Halko was a freelancer for the Kyiv Post in 2015. He also used to be a fixer for the Times of London.
He was arrested by Belarusian authorities when crossing the border into Belarus from the Ukrainian city of Lviv, and now faces prison in Belarus, his Ukrainian wife Julia Garkusha said on Facebook on April 22.
Garkusha told the Kyiv Post on April 24 that Halko had gone to Belarus to repay a tax debt, unblock his bank card and see his son, who had also been in Ukraine and returned to Belarus a month ago.
Halko left Belarus for Ukraine in December after Belarusian authorities opened a criminal case against him.
He is accused of using violence against police officers and faces up to six years in prison. He denies the accusations of assaulting police officers.
In November Halko celebrated his son’s birthday in Minsk, and police officers arrived at Halko’s apartment, claiming that they had received a complaint about noise. Halko and his son then argued with the officers, and a police squad broke into the apartment and stormed it.
Several people received injuries during the raid.
Earlier, Halko told the Kyiv Post the police raid was connected to Belarusian dictator Alexander Lukashenko’s crackdown on dissent. The server of the Belarusian Partisan, an opposition website, was based in his apartment, and his former wife works at the Belarusian Partisan.
The Belarusian Partisan’s site was blocked by Belarusian authorities in December.
Halko became an editor and journalist at the Belarusian Partisan online newspaper in 2016 and transformed it into one of the most opposition-minded and critical media outlets in Belarus.

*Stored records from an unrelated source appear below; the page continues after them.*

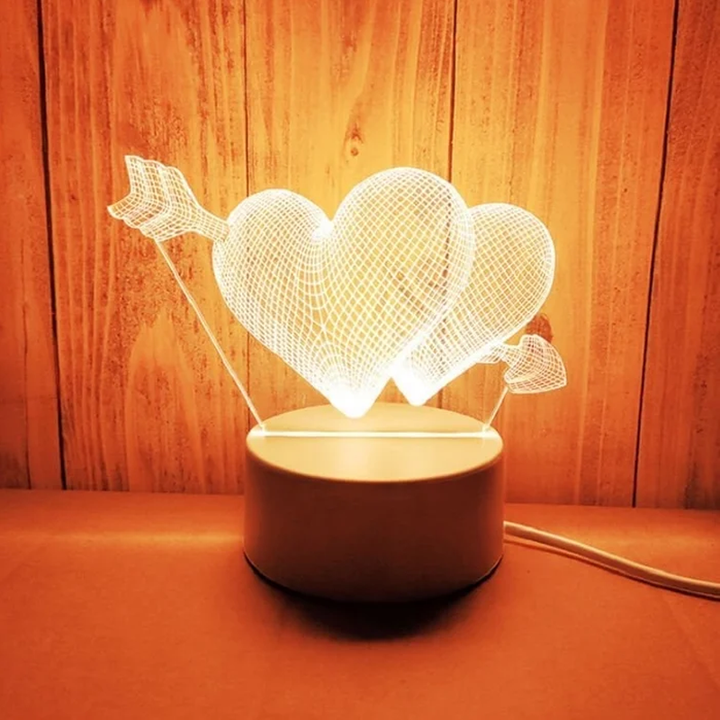 3D LED Night Lamp | Etched Panel With Three Light Tones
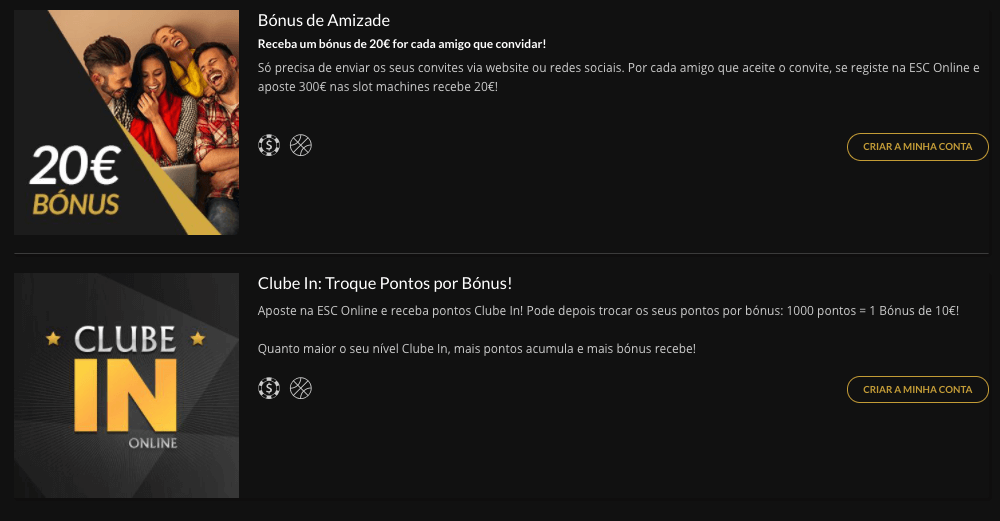 Bónus disponíveis em ESC Online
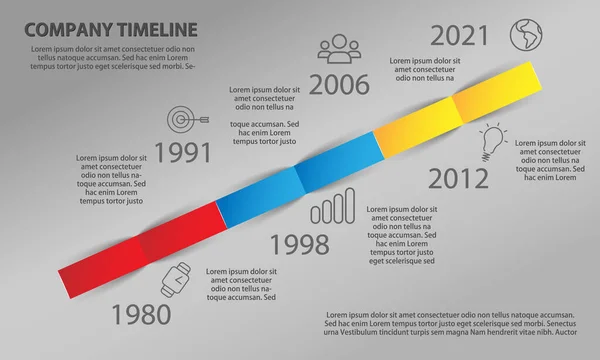 Linha Tempo Negócios Empresa Com Marcos Icons Vetor — Vetor de Stock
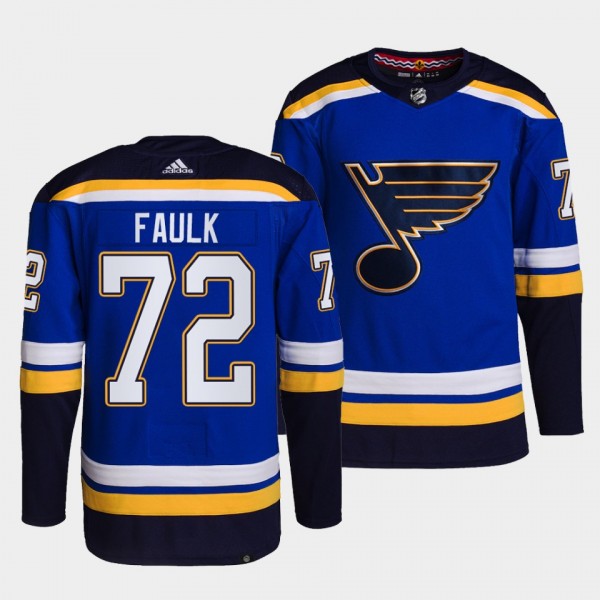 Blues Home Justin Faulk #72 Blue Jersey Primegreen Authentic Pro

The Belarusian Partisan was founded by Pavlo Sheremet, a Belarusian-Ukrainian journalist who was killed by a car bomb in Kyiv in 2016.
Halko resigned from the Belarusian Partisan in 2017 in what he described as part of a government crackdown on independent media.
Halko, known for his pro-Ukrainian and liberal views, also covered Ukraine’s EuroMaidan Revolution and Russia’s war against Ukraine for the Novy Chas online newspaper from 2013 to 2015.
Halko has lived alternately in Minsk and the Ukrainian city of Mariupol since 2014. Previously, he had also lived in Russia.
Belarus has a long history of political prisoners, crackdowns on dissent and tight censorship of the media.
Belarus is among the 30 most authoritarian countries in the world, according to the Reporters Without Borders’ Press Freedom Index. More than 100 journalists were arrested in Belarus last year.
At least five opponents of Lukashenko’s dictatorship disappeared in Belarus in 1999 to 2002 and are believed to be dead.